**Records for processing:**
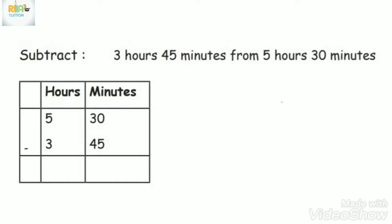First, 3 hours 45 minutes from 5 hours 30 minutes. That is 5 hours 30 minutes. 3 hours 45 minutes, we subtract.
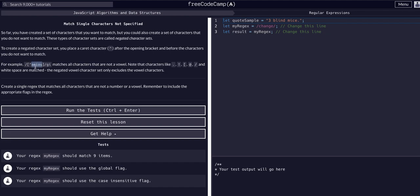The only characters negated from this expression are a, e, i, o, and u. This expression will in fact match every other character — regardless of case because of the 'i' flag, including symbols — because that's how negated characters work: it's everything but a, e, i, o, and u.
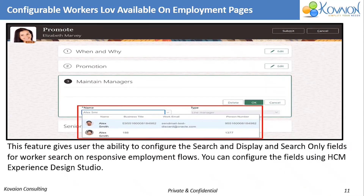Configurable Workers LOV Available on Employment Page. In this new feature of Configurable Workers LOV, we can avoid selecting the wrong person as a direct reportee or a manager in the responsive UIs.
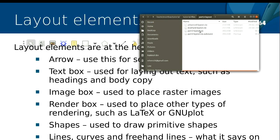Is there a shortcut key to lock aspect ratio when you resize objects? From memory I'm fairly sure it's the Control key on Linux/Windows and the Command key on Mac. That's a really good question, thank you.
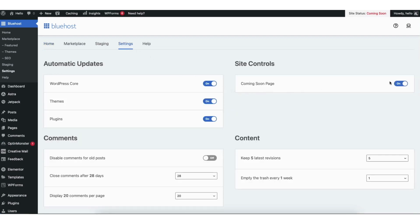You'll see the coming soon page with the toggle. Toggle it off to disable the Bluehost coming soon page. Toggle it on to enable the Bluehost coming soon page.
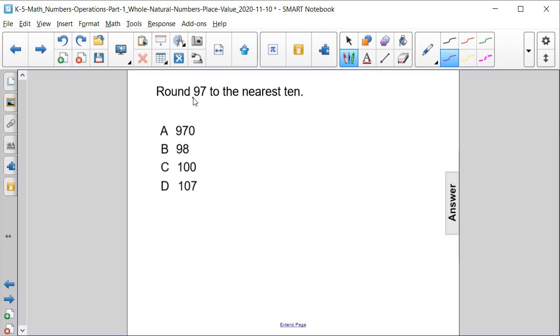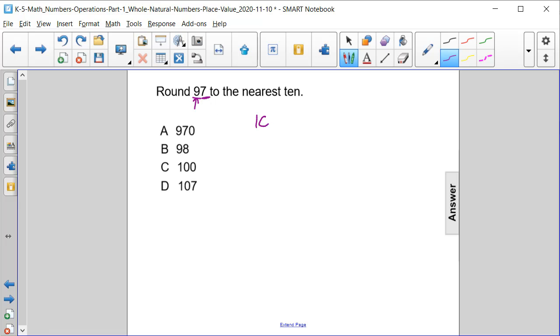it to the nearest 10, so I'm going to draw an arrow directly below that. And then we're going to look at the column directly to the right of it, which is 7. Is this 7 greater than or equal to 5? Yes it is, so it's going to round the 90 up to 100, which is answer choice C.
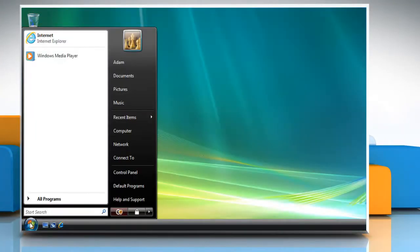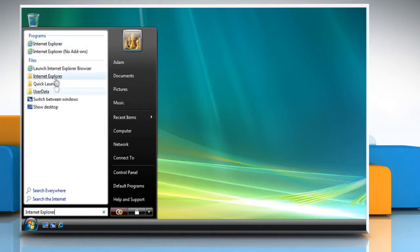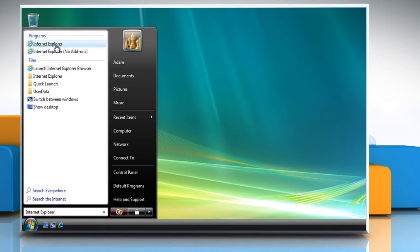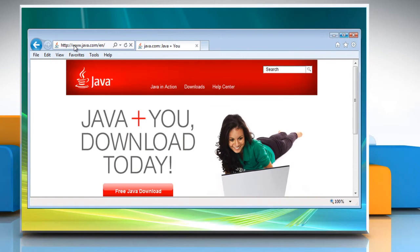Click on the Start button. In the search box, type Internet Explorer and then in the list of results, click Internet Explorer. Go to the java.com website.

**Problem:** Restate each line of the material word for word, skipping any picture.

**Task answer:**
First, 3 hours 45 minutes from 5 hours 30 minutes. That is 5 hours 30 minutes. 3 hours 45 minutes, we subtract.
The only characters negated from this expression are a, e, i, o, and u. This expression will in fact match every other character — regardless of case because of the 'i' flag, including symbols — because that's how negated characters work: it's everything but a, e, i, o, and u.
Configurable Workers LOV Available on Employment Page. In this new feature of Configurable Workers LOV, we can avoid selecting the wrong person as a direct reportee or a manager in the responsive UIs.
Is there a shortcut key to lock aspect ratio when you resize objects? From memory I'm fairly sure it's the Control key on Linux/Windows and the Command key on Mac. That's a really good question, thank you.
You'll see the coming soon page with the toggle. Toggle it off to disable the Bluehost coming soon page. Toggle it on to enable the Bluehost coming soon page.
it to the nearest 10, so I'm going to draw an arrow directly below that. And then we're going to look at the column directly to the right of it, which is 7. Is this 7 greater than or equal to 5? Yes it is, so it's going to round the 90 up to 100, which is answer choice C.
Click on the Start button. In the search box, type Internet Explorer and then in the list of results, click Internet Explorer. Go to the java.com website.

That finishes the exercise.